Books

A review of The Disenchantment of Secular Discourse

"No whining!" the plaque on my study wall all but shouts. Steven D. Smith does not whine as he invades a territory frequented by whiners. Some, whom he names secular rationalists, moan about the religious discourse that they regard as threatening. On the other hand, the religious who fear the secularists complain that secular discourse claims and possesses a near monopoly in the public world. Smith, a law professor at the University of San Diego, takes on but then transcends the whiners.

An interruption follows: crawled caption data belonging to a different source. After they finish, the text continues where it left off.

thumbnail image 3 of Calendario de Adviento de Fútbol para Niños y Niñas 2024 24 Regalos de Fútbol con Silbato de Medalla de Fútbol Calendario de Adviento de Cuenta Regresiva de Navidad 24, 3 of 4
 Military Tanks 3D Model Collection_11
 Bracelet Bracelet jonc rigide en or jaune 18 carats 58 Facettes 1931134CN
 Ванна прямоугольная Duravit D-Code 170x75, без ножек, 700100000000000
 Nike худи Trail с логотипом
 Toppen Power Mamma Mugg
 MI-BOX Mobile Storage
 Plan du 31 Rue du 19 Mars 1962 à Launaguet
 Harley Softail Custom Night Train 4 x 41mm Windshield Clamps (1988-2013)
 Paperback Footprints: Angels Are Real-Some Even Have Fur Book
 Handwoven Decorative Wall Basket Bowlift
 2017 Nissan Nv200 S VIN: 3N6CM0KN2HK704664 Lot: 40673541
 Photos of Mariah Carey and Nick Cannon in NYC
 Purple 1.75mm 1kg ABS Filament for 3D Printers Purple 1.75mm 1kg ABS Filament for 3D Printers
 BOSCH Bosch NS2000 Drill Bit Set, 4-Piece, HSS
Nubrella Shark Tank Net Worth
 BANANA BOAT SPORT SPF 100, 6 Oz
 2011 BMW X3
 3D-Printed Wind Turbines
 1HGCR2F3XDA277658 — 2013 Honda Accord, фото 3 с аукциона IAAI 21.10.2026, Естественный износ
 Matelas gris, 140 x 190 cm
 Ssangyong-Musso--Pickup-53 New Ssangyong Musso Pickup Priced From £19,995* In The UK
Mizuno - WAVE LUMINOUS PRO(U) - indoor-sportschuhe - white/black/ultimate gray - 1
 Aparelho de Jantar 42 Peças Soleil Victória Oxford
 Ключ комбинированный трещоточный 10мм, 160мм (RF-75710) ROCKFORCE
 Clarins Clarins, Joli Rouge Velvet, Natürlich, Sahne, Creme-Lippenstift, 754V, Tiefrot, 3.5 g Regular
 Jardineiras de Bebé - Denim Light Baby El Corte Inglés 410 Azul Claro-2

His weapon is argument, and his goal is eliciting a new openness on all hands, but especially on the part of the secularists, who tout reason and tend to unreflectively or calculatingly dismiss almost all expressions of religion in public. He argues with notables who can handle themselves, including John Rawls, Susan Jacoby, Richard Rorty and Martha Nussbaum, though I imagine that they will make future utterances with more care if they read Smith.

At issue are the leading thinkers of the Enlightenment, especially in the American version embodied by many of the nation's founders. Deftly he shows how the most notable, Thomas Jefferson and James Madison, employed religious motifs and rationales. In fact, he points out, Madison lay explicitly theological foundations under the structure of constitutional frameworks. At the same time, Smith knows that we know how much the world has changed since the American founding, and he takes those changes seriously, as one must. He shows how Henry Steele Commager, a giant among historians of the Enlightenment and author of The Empire of Reason, believed that Reason ("notice . . . the upper case") would "solve all of those problems that pressed upon [us] so insistently"—a line that to Smith looks "quaint, almost childlike."